El panda Bei Bei viaja con fines de reproducción
WASHINGTON (AP).— El “FedEx Panda Express”, un avión Boeing 777 especialmente equipado, despegó ayer del aeropuerto internacional Dulles de Washington con una verdadera celebridad a bordo: Bei Bei, un panda gigante de 4 años.
Los visitantes del Zoológico Nacional de Washington lo han visto crecer desde el primer día, pero ahora se dirige a China.
Bajo los términos de un acuerdo entre el zoológico y Pekín, cualquier panda nacido en este centro animal deberá ser enviado a China al cumplir los 4 años.
Bei Bei nació en el zoológico de Washington el 22 de agosto de 2015 por inseminación artificial de los pandas Mei Xiang y Tian Tian. Su nombre, que se traduce como “tesoro” o “precioso” en mandarín, fue seleccionado conjuntamente por la exprimera dama Michelle Obama y Peng Liyuan, la primera dama de China.
Cuando alcance la madurez sexual, después de los 6 ó 7 años, Bei Bei será inscrito al programa de reproducción dirigido por el gobierno chino, el cual busca aumentar la tan vulnerable población de pandas.
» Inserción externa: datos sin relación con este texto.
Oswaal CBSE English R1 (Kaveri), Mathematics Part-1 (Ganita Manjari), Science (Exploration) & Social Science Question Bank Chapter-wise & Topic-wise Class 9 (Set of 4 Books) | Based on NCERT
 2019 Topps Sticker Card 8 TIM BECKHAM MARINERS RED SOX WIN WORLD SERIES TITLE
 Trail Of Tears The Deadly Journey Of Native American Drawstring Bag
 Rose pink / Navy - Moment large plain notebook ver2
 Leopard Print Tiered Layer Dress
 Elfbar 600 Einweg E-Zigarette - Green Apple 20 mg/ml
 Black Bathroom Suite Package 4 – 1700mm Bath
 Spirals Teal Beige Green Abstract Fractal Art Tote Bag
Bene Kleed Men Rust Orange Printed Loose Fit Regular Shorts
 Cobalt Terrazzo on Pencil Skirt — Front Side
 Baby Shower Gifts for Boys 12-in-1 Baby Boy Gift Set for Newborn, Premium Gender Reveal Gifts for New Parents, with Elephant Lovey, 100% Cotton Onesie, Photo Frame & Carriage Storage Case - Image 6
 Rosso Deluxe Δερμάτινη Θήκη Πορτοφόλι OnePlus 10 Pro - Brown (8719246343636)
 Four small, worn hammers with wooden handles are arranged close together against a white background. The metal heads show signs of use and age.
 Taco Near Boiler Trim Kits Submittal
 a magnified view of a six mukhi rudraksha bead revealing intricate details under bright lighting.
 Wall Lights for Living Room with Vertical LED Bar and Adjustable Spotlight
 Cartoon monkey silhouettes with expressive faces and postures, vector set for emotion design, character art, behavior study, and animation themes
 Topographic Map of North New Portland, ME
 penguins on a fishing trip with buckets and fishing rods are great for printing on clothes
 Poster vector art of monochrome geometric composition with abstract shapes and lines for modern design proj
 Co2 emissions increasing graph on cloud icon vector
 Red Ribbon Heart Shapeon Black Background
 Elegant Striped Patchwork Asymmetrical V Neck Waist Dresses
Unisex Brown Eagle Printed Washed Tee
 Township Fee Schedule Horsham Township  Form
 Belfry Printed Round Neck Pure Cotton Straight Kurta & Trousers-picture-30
El director del zoológico Steve Monfort dijo que se trataba de un momento “agridulce” y agregó que los empleados y visitantes se han encariñado con el panda, pero que su regreso era importante para el futuro de la especie.
El avión
FedEx Corp. es la compañía que proporciona el transporte para esta preciosa carga que regresa a China para ayudar en los esfuerzos de conservación de esta especie en peligro de extinción.
El “FedEx Panda Express”, un avión 777F de diseño personalizado, es parte de la iniciativa de FedEx Cares, cuyo eslogan es “Entregar para bien”. FedEx utiliza su red global y experiencia en logística para ayudar a las organizaciones con necesidades de misión crítica en tiempos de desastre y para envíos especiales.
El equipo panda preparó a Bei Bei para la mudanza y asegurarse de que esté cómodo y seguro durante su viaje. Para aclimatarlo lentamente a la caja de viaje, los cuidadores le pidieron a Bei Bei que lo atravesara todos los días. Después de que se sintió cómodo haciendo eso, lo acostumbraron a pasar cortos períodos de tiempo con las puertas cerradas.
Laurie Thompson, quien ha cuidado a Bei Bei desde su nacimiento, y Don Neiffer, veterinario jefe del zoológico, harán el viaje con él.